How citizen participation impacts regulation of a profession

I just got back from a meeting where the NYS Office of the Medicaid Inspector General informed a County that there was inadequate documentation of supervision and that a number of claims were therefore ineligible for reimbursement.

At this exit interview I made the following speech to the OMIG auditors:

Thank you for the opportunity to participate in this exit interview.  I have been an occupational therapist for over 25 years and I have experienced many audits from CARF, CORF, JCAHO, NYSDOH, IPRO, and many others. 

Generally when there is an allegation of violation there is also an accompanying citation of the regulation that was violated.  That citation is particularly useful for the provider community because that allows the provider to access the precise information on what is required, and that empowers the provider to offer the information to the auditor.  The information on the alleged violations on lack of adequate supervision are rather imprecise, and as I want to be a compliant Medicaid provider I am asking for some clarification so that I can be sure to provide the appropriate supporting documentation that you require.

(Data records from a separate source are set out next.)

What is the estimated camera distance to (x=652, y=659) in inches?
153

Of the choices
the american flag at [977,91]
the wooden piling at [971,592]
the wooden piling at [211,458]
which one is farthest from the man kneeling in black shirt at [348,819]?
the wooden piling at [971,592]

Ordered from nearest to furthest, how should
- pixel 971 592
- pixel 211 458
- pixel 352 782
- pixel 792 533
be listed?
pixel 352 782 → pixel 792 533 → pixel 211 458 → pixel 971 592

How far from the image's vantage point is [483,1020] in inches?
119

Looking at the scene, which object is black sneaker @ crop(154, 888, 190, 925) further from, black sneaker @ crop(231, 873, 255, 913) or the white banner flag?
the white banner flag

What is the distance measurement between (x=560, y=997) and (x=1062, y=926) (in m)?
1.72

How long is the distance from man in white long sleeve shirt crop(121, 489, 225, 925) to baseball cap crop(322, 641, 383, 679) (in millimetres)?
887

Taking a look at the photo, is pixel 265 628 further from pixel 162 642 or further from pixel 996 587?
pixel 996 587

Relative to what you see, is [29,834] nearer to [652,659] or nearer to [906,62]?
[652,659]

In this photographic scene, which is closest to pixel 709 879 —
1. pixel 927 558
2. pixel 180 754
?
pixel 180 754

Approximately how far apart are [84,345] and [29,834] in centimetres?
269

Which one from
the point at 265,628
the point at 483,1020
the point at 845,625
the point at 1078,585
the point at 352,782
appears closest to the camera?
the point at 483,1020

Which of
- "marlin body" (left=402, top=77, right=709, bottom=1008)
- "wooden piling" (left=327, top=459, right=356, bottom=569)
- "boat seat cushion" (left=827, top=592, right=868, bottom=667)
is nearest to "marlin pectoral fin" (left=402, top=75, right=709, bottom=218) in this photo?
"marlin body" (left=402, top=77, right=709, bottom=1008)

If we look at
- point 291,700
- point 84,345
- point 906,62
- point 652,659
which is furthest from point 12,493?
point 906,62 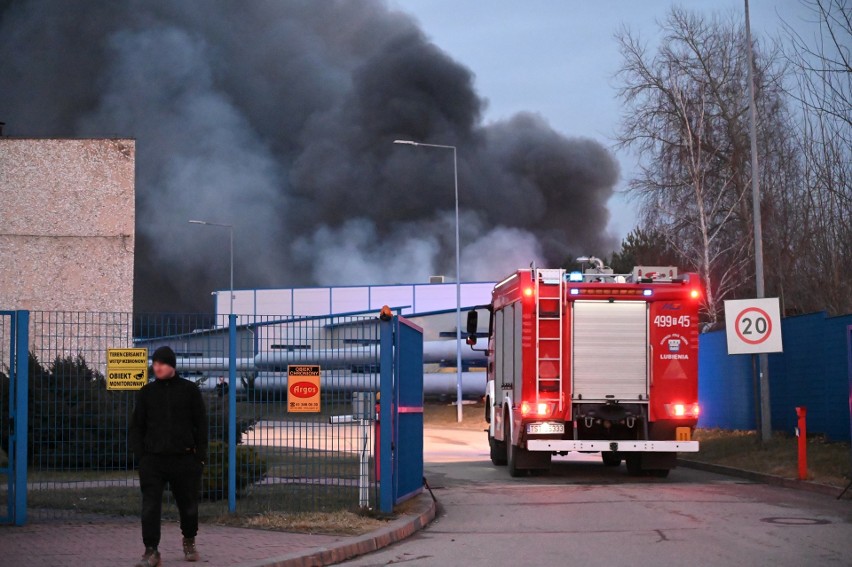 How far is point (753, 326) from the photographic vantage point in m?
18.5

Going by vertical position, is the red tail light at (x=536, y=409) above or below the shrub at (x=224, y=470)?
above

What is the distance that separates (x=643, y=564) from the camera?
8.66 meters

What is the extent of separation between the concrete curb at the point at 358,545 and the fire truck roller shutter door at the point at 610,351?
196 inches

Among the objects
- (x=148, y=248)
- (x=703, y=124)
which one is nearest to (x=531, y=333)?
(x=703, y=124)

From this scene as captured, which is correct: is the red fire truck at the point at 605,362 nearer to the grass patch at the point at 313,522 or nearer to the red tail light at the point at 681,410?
the red tail light at the point at 681,410

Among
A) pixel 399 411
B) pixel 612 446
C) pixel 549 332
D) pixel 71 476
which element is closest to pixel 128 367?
pixel 71 476

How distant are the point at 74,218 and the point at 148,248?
5969 cm

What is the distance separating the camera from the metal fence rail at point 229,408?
11.1 m

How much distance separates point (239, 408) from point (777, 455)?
10384mm

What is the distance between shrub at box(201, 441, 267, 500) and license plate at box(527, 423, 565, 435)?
5.09m

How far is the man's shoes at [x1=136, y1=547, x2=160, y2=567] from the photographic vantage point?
7926mm

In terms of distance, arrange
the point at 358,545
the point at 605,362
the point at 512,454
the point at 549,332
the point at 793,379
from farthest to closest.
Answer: the point at 793,379, the point at 512,454, the point at 605,362, the point at 549,332, the point at 358,545

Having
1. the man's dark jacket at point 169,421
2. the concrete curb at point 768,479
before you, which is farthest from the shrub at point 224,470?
the concrete curb at point 768,479

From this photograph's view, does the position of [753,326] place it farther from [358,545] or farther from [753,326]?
[358,545] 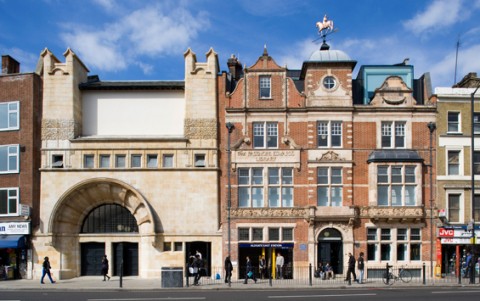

The auditor immediately replied and cited 8 CRR-NY 76.6 which can be looked up at this site and which does not include a level of specificity that the auditor was requiring.

Well I appreciate that citation but you are indicating a level of specificity that is not present in the regulation.  In fact, we provided documentation of monthly supervision and in fact all of the daily notes were co-signed, so it is a little confusing what you are looking for precisely.

The auditor interjected that it was HIS INTERPRETATION that the regulation meant that there should be a certain type of documentation and that if he was a parent that is what he would want.

Thank you so much for advising me about what you would like as a parent.  Therapists always appreciate knowing what families would like to see.  However, we tend not to form policy directly based on what some individual might interpret or what would individual might want.  You see, specificity is really helpful because although I doubt that any provider would object to what you are asking for, the fact is that level of specificity is not supported in the regulation you are citing.  When we provide our documentation we follow prevailing regulations, and the documentation that we provided to you is based on the requirements that are ACTUALLY present in the regulation.  In fact, this requirement that you are asking for is a brand new requirement that I have never before heard.  It was not mentioned in the Medicaid Training that was mandated by the State Education Department.  It is not listed in your regulations.  It is not listed in your Medicaid Q&As.  I am sure you can understand our confusion when you are asking for something that we have never heard of before.  We all want to be compliant Medicaid providers, but specificity is rather important, particularly when weighty allegations are in play.

Here I have to cut OMIG some slack, because in fact they are trying to implement some regulations that they did not even write.  In a more perfectly constructed regulatory world there would be more functional communication between the State Education Department and OMIG.  In actuality that doesn't really exist.  Also, supervision requirements have been shifting based on recent laws, so some of the specificity that was being asked for was NOT a requirement at the time of the service delivery in question.

That left the auditor in the position where he reported that he has to consult with State Ed to find out what the supervision requirements are and what was published in the Medicaid Q&As.  Based on information available online for published OMIG audits it would seem that no one has turned back and asked them to provide supporting citation of regulations before.  Either that or Counties roll over and play dead as soon as the bureaucratic hand takes a threatening posture.

I don't know how this will end, but the point of documenting this is so that people understand that if you approach the auditors on their turf and ask them to provide citation of what you are violating, then they really better be in a position to support their allegation.

My best guess is that the rest of the State can expect a Medicaid Alert in the very near future that will even more clearly specify the Medicaid requirements for supervision of occupational therapy assistants in schools.


4/1/13 - Received the following note from a County in email this morning:

"Hi...good news over the weekend. After further review of the COTA claims with [OMIG Officials] in Albany, all our disallowed claims have been cleared. Our MA audit ended up with no disallowances. Thanks for your help with this, we appreciate it."

My staff asked me - you wouldn't put that up on the blog - would you??? - To which you can see my reply. The reason why it goes on the blog is because OMIG has been alleging 'lack of supervision' to Counties and Agencies all over the State. Now although I don't the particulars on all those other cases, if my case was representative then that means OMIG was over-reaching and people should be aware.

I would hope that OMIG would do the following now: 1. Come up with more clear guidelines if they believe this to be an issue and 2. Stick to the real fraud that is going on out there - there is a lot of real fraud out there for them to uncover and they damage their credibility when they beat Counties and agencies up over issues that are not even issues.

DiNapoli and the State Comptroller's office is finding some real fraud that is going on out there - they should focus on those efforts and I suspect that most providers would like to see real efforts to clean up the system instead of witch hunts on people who are actually compliant with the law.